Heterogeneous CPU topologies are becoming commonplace, but how are they utilized in pratice? By default, the Linux thread scheduler should schedule work on a P-core until all P-core threads are busy, then start scheduling on E-cores. Perfetto provide a convenient mechanism for visualizing this scheduling policy.

Thread Topology

lstopo provides a useful visual summary of the CPU core topology. As an example, here’s the view of my i9-12900KF (AlderLake) CPU with all cores online. Threads 0-15 are the 8 P-cores; two threads for each core because Hyper-Threading is enabled. Threads 16-23 are the E-cores.

ADL CPU Core Topology

Cores can be offlined echoing 0 to /sys/devices/system/cpu/cpuN/online; offline cores are not present in the lstopo visualization.

Scheduling Visualization

The excellent Perfetto tool makes it simple to visualize thread scheduling. To visualize the scheduling for the Cyberpunk 2077 benchmark:

  1. Build Perfetto: https://perfetto.dev/docs/quickstart/linux-tracing
  2. In a terminal, run tracing command:
sudo out/linux/tracebox -o trace_file.perfetto-trace --txt -c test/configs/scheduling.cfg
  1. In a second terminal, launch the benchmark:
steam -applaunch 1091500 --launcher-skip -benchmark

Once the benchmark is complete, run sudo chmod 755 trace_file.perfetto-trace to make the trace readable by non-root users and open it in the Perfetto UI. Here’s an example run:

Perfetto Scheduling Viz

This data shows work evenly distributed across the available CPU threads. This is good, because Cyberpunk is a DX12 game that should leverage multi-threading where possible.

The default trace configuration captures just a few megabytes of data, discarding the rest.

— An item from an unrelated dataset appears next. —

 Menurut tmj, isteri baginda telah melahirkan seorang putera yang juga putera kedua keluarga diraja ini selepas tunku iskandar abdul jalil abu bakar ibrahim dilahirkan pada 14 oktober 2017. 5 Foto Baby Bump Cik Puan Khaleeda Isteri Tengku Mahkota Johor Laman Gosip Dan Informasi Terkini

This behavior can be modified by editing the trace configuration.

Scheduling Constraints

To constrain the benchmark such that it only runs on P-cores:

killall steam && taskset -c 0-15 steam -applaunch 1091500 --launcher-skip -benchmark

We must terminate Steam before launching the benchmark; otherwise Steam will signal the current running instance and terminate instead of running the benchmark inside our affinity-constrained environment.